| STORED DATA |
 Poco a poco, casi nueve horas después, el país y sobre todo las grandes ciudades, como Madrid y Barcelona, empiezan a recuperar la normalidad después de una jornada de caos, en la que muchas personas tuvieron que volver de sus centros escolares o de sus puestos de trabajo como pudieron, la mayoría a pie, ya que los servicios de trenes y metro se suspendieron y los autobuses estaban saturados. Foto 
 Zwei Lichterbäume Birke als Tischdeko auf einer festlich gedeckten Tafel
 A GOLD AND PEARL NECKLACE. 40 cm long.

==

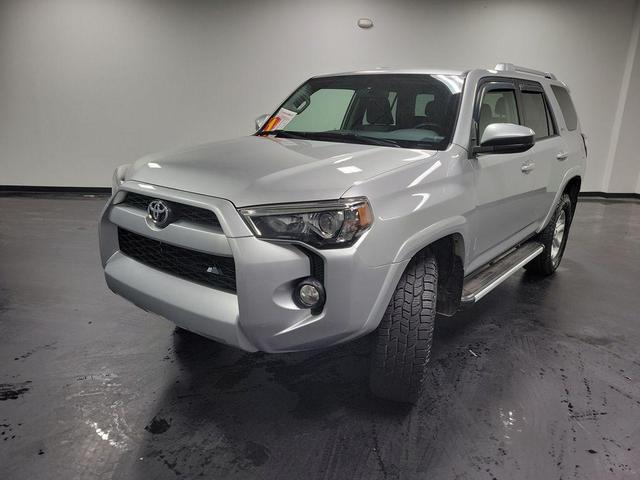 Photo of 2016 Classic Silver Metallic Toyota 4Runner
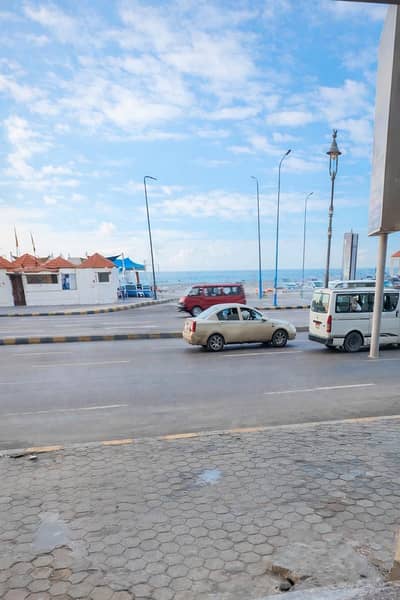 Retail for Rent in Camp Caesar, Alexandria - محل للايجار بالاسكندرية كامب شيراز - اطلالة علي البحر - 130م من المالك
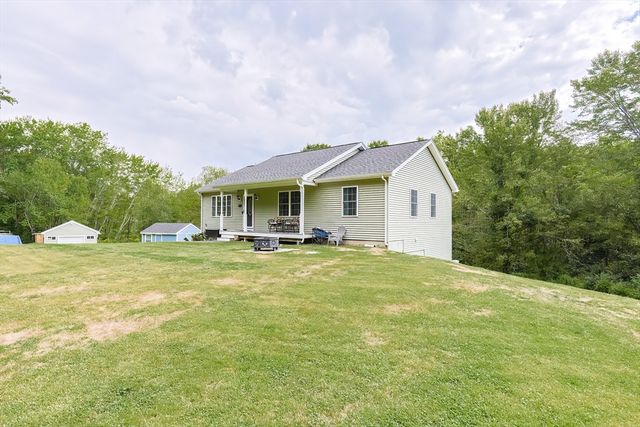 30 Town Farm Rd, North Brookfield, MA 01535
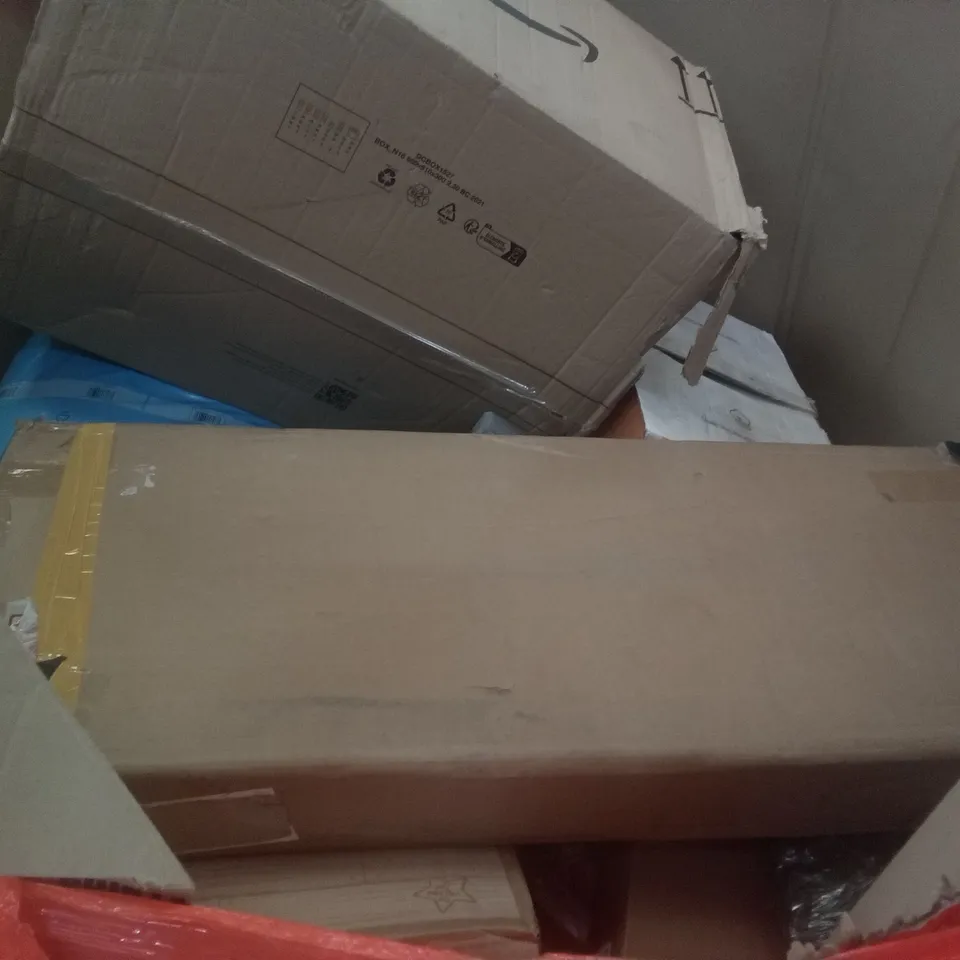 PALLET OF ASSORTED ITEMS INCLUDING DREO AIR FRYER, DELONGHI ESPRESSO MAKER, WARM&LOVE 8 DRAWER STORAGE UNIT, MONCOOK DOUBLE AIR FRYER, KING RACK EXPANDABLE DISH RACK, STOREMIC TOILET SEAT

| WHAT TO WORK ON |
Your answer must be the exact lines from the records above, from the one containing "30 Town Farm Rd, North Brookfield, MA 01535" through the one containing "PALLET OF ASSORTED", both included, with every picture left out.

| OUTPUT OF THE TASK |
 30 Town Farm Rd, North Brookfield, MA 01535
 PALLET OF ASSORTED ITEMS INCLUDING DREO AIR FRYER, DELONGHI ESPRESSO MAKER, WARM&LOVE 8 DRAWER STORAGE UNIT, MONCOOK DOUBLE AIR FRYER, KING RACK EXPANDABLE DISH RACK, STOREMIC TOILET SEAT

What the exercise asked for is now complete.